ERC Advanced Grant awarded to Max Planck Director Miltos Tsiantis
Prof. Dr. Miltos Tsiantis, Director at the Max Planck Institute for Plant Breeding Research and head of the Department of Comparative Development and Genetics, receives an Advanced Grant from the European Research Council (ERC). The prestigious funding will support his project CLONAL, aimed at advancing our understanding of clonal reproduction by root sucker formation.
About the ERC CLONAL project
ERC funding will enable Miltos to study clonal reproduction by root sucker formation, a striking phenomenon where somatic cells of the root spontaneously change their developmental path and give rise to hundreds of clonal offspring without fertilization. This trait is understudied owing to the scarcity of systems where genetics and advanced imaging can be employed for in-depth studies. CLONAL will address this problem by developing a new experimental system related to the model species Arabidopsis, and leverage differences in reproductive strategies between closely related species to elucidate the molecular genetic basis for root sucker development. The project will involve genetics, advanced imaging, single cell genomics and studies of natural variation.

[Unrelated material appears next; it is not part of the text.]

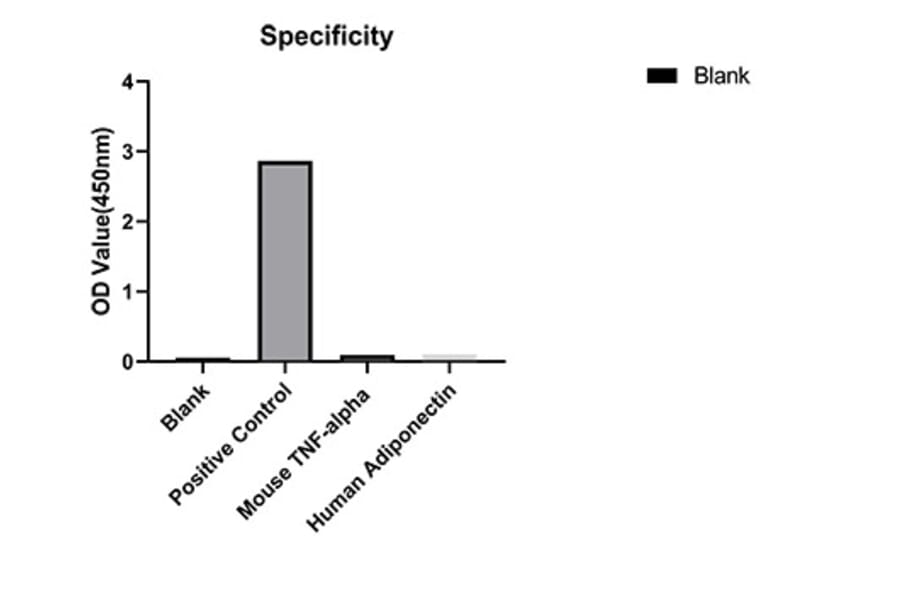 Standard Curve - Anti-Adiponectin Antibody (A329100) - Antibodies.com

"I am delighted to receive ERC Advanced Grant funding for our project CLONAL. This award will allow us to investigate the genetic basis for cell reprogramming leading to asexual reproduction. Insights from this project will help solve important open problems in developmental biology and may also be harnessed to benefit crop science."
Miltos Tisantis
About the ERC Advanced Grant
The ERC Advanced Grant is one of the most prestigious research funding schemes in Europe. It supports exceptional and established researchers who have demonstrated a sustained track record of significant scientific achievements. Awarded by the European Research Council, the grant funds ambitious and ground-breaking research projects that push the frontiers of knowledge.

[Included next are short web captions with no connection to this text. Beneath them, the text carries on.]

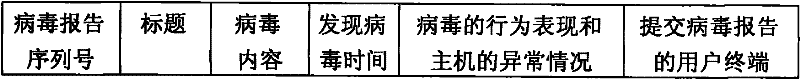 Method for sorting network virus reports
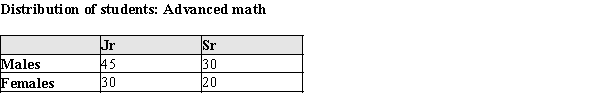 Students in two classes of upper-level mathematics were classified according to class standing and gender, resulting in the following table.   Define events A, B, and C as follows: A = the event that the selected student is a female B = the event that the selected student is a male C = the event that the selected student is a senior. In the following table indicate by putting an X in the appropriate cells which is true for each pair of events. X = Yes, Blank = No  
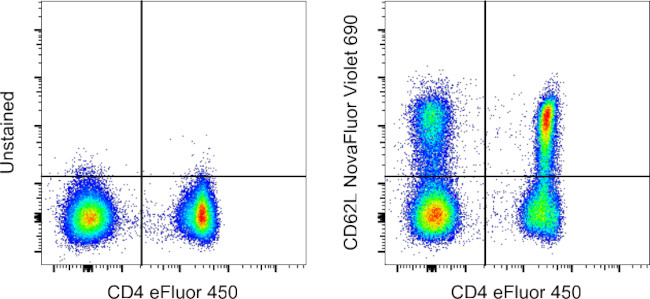 CD62L (L-Selectin) Antibody in Flow Cytometry (Flow)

About the European Research Coucil
Established by the European Union in 2007, the European Research Council (ERC) is Europe's leading funding body for outstanding frontier research. It supports innovative researchers of all nationalities and ages, to carry out innovative projects at institutions across Europe. The ERC offers four main grant schemes: Starting Grants, Consolidator Grants, Advanced Grants, and Synergy Grants. In addition, the Proof of Concept Grant scheme supports ERC grantees in exploring the innovation potential of their ideas or research results. The ERC is led by an independent governing body, the Scientific Council. Since 1 November 2021, Maria Leptin is the President of the ERC. The overall ERC budget from 2021 to 2027 is more than €16 billion, as part of the Horizon Europe programme, under the responsibility of the European Commissioner for Start-ups, Research and Innovation, Ekaterina Zaharieva.
About Miltos Tsiantis

Miltos Tsiantis is a biologist who studies plant development and diversity. He has shown how species-specific differences in developmental gene expression shape diverse leaf forms and how such genes influence the amount, duration, and direction of cellular growth to create distinct leaf geometries. For these projects, he established Cardamine hirsuta - a relative of the widely used model organism Arabidopsis - as a new experimental system for comparative research in plant biology.

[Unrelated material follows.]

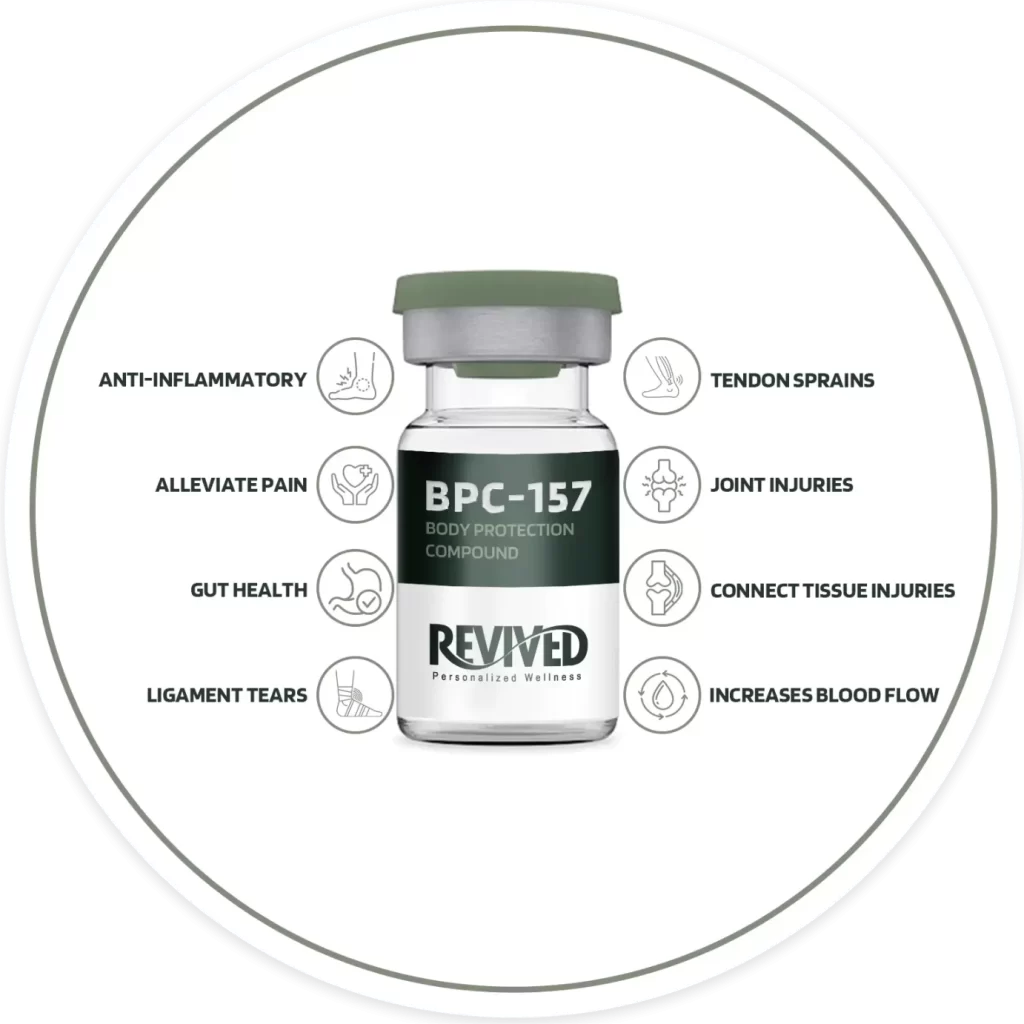 bpc 157 infographic details - Bpc 157 therapy Houston - BPC 157 peptide Houston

Miltos studied biology in Athens before obtaining his DPhil from the University of Oxford. He conducted postdoctoral research at Oxford, holding a number of research fellowships including a Royal Society University Research Fellowship, and spent some of that time on research visits to Berkeley. He became a University Lecturer (2003) and Professor of Plant Developmental Genetics in Oxford (2010), and was a Tutorial Fellow at Wadham College. Since 2013, he is a Director at the Max Planck Institute for Plant Breeding Research in Cologne. His honours include Fellowship of the Royal Society of the UK, EMBO membership, EMBO Young Investigator, the Balfour Lecture of the Genetics Society, and the Society of Experimental Biology’s President’s Medal.